I have grown suspicious over the years of what I’ll call the Office Space Ideology that lots of intellectuals and humanists and liberals adopt: that corporations are evil, that office workers are drones, that it all really is as stupid and wretched and soul-rending as films like Office Space portray it to be. Why? Because most of those people have probably never worked in an office! And yes, they probably would find it to be drudgery. But maybe for people of a different sensibility, that’s not what it is. Maybe they are just better at accepting things for what they are–that, as Matthew Crawford puts it in his thoughtful and important meditation on the value of work, work is necessarily toil and serves someone else’s interests. And so rather than futilely try to fuse work and play, erect a separation of powers: work is the realm of necessity, play is the realm of freedom. And that reminds me of something Wallace said in a different context, when he was interviewing a pro tennis player: “I am almost in awe of his ability to shut down neural pathways that are not to his advantage.” People who are well adjusted are better at adapting to the reality of American life, which in some important ways overlaps with reality itself.
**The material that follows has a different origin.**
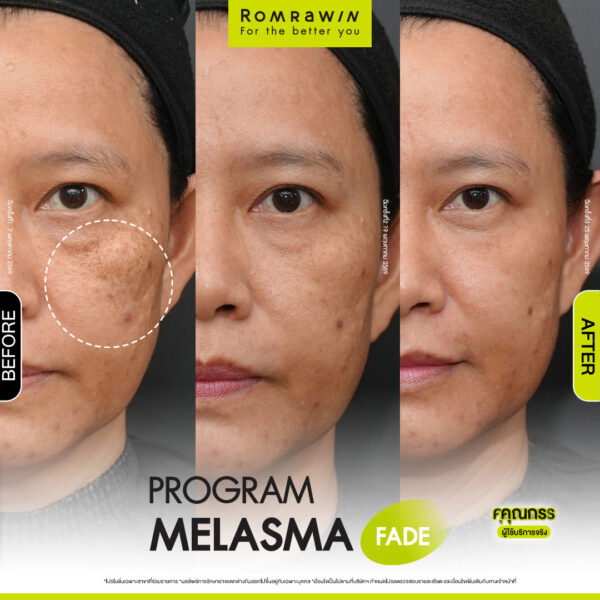 All Review 221 รีวิว Melasma Fade คุณกร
And let’s face it, the American Pragmatist is sometimes spot on about the EuroHumanist’s posturing, pedantry, and pretentiousness:
Maybe one reason that Euro-humanists disdain things like gamification is that their attachments to an idyllic past and an ideal future create such a sense of loss, longing, disappointment, and frustration that the escape and pleasure provided by games et al. is an irresistible narcotic. The crucial question is, whose sense of reality is more warped?